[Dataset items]
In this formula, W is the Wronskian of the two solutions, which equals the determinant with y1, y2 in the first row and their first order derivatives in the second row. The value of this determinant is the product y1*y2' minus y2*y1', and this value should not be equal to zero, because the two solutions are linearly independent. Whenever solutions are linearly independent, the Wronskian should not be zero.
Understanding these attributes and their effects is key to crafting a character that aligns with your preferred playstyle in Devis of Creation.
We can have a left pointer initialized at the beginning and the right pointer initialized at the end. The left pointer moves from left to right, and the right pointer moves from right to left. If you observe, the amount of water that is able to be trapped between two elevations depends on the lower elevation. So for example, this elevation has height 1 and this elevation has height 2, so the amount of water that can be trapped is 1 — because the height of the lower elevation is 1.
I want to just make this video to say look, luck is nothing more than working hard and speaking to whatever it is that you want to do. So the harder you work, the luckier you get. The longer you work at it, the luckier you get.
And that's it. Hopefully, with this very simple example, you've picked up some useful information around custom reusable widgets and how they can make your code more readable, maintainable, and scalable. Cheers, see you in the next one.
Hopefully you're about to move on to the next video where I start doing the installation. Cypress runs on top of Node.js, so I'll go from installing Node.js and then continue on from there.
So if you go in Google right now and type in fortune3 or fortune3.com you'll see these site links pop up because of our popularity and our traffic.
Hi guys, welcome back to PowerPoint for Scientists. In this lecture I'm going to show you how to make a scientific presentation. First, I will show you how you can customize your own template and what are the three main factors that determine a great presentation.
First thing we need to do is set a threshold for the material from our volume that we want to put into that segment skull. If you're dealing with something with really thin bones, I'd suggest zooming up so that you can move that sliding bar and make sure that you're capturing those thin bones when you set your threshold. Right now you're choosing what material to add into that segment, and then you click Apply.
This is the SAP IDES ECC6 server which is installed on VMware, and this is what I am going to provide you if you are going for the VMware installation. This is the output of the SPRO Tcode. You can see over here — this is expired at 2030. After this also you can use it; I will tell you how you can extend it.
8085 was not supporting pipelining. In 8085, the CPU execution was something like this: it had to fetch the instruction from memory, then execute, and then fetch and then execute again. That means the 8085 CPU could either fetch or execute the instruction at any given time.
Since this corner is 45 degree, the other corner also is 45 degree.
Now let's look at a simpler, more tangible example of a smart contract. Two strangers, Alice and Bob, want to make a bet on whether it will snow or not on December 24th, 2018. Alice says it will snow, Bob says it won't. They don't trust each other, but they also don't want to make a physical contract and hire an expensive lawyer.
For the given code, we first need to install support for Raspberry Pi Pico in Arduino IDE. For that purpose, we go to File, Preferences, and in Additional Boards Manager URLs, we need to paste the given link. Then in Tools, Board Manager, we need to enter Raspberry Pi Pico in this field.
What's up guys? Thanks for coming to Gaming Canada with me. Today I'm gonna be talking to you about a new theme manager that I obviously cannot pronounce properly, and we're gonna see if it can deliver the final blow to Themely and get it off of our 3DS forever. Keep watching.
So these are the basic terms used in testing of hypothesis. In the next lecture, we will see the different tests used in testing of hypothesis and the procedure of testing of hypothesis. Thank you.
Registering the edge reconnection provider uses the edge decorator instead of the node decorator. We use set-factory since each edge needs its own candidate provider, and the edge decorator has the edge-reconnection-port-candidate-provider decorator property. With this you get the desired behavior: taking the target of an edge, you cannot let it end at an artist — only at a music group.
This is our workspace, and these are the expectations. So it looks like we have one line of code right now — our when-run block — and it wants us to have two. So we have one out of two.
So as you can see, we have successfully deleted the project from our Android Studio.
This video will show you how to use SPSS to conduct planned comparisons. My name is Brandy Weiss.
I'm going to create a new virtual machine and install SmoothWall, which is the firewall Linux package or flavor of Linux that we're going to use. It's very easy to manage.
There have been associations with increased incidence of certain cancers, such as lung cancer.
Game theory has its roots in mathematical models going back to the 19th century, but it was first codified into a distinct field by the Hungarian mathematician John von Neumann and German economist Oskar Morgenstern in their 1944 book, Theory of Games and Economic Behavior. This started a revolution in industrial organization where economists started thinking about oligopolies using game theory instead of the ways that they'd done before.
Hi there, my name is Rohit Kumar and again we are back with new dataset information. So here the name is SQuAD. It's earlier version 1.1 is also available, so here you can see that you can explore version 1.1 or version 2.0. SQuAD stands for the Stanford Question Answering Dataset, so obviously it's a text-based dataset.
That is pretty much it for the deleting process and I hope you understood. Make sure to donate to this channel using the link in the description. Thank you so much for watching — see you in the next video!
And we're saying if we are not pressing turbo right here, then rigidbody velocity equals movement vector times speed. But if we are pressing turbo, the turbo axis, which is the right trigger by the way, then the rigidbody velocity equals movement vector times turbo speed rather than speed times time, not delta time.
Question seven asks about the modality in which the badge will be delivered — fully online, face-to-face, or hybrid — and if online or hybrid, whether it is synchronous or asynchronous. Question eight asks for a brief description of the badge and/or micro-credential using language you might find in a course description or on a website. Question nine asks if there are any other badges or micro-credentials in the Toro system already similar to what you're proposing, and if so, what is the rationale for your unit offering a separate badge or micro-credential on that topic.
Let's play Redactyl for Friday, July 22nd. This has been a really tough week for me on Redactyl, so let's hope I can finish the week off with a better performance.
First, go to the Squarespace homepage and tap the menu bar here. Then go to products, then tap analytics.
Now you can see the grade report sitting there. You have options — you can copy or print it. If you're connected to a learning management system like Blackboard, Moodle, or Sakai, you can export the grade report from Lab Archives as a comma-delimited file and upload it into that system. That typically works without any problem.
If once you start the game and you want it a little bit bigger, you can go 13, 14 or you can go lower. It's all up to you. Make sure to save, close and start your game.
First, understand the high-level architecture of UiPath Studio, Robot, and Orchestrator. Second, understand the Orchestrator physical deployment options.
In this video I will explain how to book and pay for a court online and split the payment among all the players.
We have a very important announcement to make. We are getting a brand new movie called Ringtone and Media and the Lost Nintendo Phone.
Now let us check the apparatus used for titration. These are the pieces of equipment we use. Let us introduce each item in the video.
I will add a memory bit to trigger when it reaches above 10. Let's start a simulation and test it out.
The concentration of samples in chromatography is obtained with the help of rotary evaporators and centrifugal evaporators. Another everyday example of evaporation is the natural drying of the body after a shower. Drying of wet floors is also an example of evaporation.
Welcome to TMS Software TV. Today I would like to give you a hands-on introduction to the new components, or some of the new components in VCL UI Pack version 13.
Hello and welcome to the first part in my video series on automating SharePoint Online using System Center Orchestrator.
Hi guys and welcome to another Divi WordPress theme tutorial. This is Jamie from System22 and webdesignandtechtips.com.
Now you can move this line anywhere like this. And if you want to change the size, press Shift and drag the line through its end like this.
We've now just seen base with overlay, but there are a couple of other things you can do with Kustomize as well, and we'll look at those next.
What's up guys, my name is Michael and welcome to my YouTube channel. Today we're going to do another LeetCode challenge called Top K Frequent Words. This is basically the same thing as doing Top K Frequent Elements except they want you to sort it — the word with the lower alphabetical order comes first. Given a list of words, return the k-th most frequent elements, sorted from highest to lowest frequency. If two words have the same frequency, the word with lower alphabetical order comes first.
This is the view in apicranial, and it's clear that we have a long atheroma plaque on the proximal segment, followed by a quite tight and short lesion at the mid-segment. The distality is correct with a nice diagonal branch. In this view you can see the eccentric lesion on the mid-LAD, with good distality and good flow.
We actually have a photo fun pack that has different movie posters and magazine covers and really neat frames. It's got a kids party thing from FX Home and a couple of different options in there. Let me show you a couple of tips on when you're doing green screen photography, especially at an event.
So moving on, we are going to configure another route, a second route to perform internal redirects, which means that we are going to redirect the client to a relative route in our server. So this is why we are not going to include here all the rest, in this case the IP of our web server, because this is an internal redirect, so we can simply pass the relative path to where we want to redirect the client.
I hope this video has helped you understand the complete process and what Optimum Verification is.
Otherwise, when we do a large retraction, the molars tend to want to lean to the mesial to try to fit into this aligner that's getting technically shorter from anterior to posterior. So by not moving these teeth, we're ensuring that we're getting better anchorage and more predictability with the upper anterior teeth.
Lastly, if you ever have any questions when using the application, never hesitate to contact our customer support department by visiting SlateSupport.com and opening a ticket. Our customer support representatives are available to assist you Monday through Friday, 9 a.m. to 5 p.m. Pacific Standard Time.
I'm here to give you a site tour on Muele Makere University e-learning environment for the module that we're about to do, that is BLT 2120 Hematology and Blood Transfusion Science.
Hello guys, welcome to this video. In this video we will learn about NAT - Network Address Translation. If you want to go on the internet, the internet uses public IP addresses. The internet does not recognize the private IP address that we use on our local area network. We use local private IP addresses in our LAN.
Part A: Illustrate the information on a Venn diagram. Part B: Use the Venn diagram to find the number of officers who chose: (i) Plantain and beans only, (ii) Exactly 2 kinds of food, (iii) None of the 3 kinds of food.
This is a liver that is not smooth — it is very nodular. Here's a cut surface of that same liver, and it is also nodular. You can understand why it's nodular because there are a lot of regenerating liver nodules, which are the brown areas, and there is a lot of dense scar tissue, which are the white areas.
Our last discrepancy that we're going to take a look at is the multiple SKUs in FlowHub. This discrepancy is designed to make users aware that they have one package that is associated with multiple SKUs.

**Work order**
For this exercise, please output exactly the lines above starting at the line with "Hi guys and" and ending at the line with "We've now just", ends included.

**Solution**
Hi guys and welcome to another Divi WordPress theme tutorial. This is Jamie from System22 and webdesignandtechtips.com.
Now you can move this line anywhere like this. And if you want to change the size, press Shift and drag the line through its end like this.
We've now just seen base with overlay, but there are a couple of other things you can do with Kustomize as well, and we'll look at those next.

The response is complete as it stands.